Dr. Jesús Vázquez graduated in Physical Chemistry at the Universidad Complutense (Madrid, 1982) and carried out his PhD in Biochemistry at the Universidad Autónoma (Madrid, 1986), both with Special Distinction. During his postdoctoral training at Merck Sharp Research Laboratories (NJ, USA) and at the Centro de Biología Molecular Severo Ochoa (Madrid), he specialized in protein chemistry and in the study of biomembranes in the context of neurochemical diseases. Since then, he has played a pioneering role in the development of protein chemistry, mass spectrometry and proteomics in Spain. He is Profesor de Investigación del CSIC and joined the CNIC (Centro Nacional de Investigaciones Cardiovasculares, Madrid) as a Full Professor in 2011, where he leads the Cardiovascular Proteomics laboratory and is in charge of the Proteomics and Metabolomics Unit.
His group works on the development of high-throughput quantitative approaches for the dynamic analysis of the deep proteome, which are being applied to basic and translational projects in the cardiovascular field. They are developing novel bioinformatics algorithms for the analysis of very large numbers of samples, including protein identification and systems biology interpretation of quantitative data and for the study of posttranslational modifications (PTM).
They have developed a novel data-independent mass spectrometry scanning technique (DiS) that improves on the performance of conventional shotgun approaches and also allows in-silico-targeted quantification of any suspected peptide, including PTMs. They are using an extension of this technique (Blue-DiS) to generate an extremely detailed structural map of components of mitochondrial oxidative phosphorylation supercomplexes in several models, which include characterization of novel factors and PTMs that modulate complex and supercomplex assembly.
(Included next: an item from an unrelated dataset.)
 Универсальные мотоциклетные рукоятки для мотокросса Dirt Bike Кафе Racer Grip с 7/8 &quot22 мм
They are also performing translational studies in large cohorts of human samples to uncover molecular mechanisms and biomarkers of cardiovascular disease. They are studying the spatial proteome alterations taking place during the early development of the atherosclerotic plaque, and the plasma proteome from participants in the PESA study. They have identified a set of biomarkers that predict the presence of subclinical atherosclerosis in plasma, which we are validating in large human cohorts, and are protected by a patent in process of exploitation by a private company in several countries throughout the world.
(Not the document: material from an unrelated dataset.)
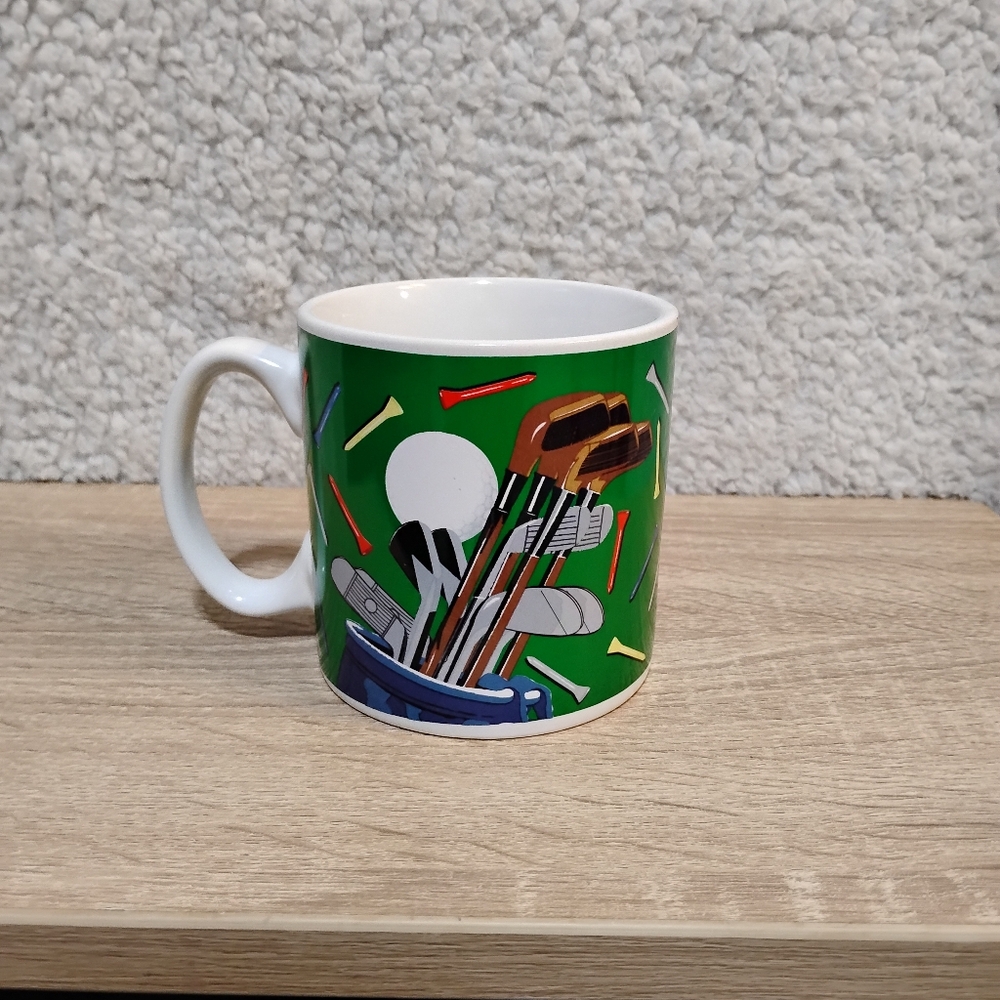 Golf Themed Mug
Finally, they have developed a novel technology for the untargeted analysis and quantification of all posttranslational modifications (PTM) detectable by mass spectrometry. They are applying this technology to characterize the dynamic PTM landscape of human arterial lessions and plasma in the context of subclinical atherosclerosis and aortic aneurisms. The group is currently involved in the development of ultra-high sensitive approaches for the analysis of isolated cell populations.
J.Vázquez has published more than 250 international, peer-reviewed publications that have been received more than 1.000 citations per year, and as an H-index of 54.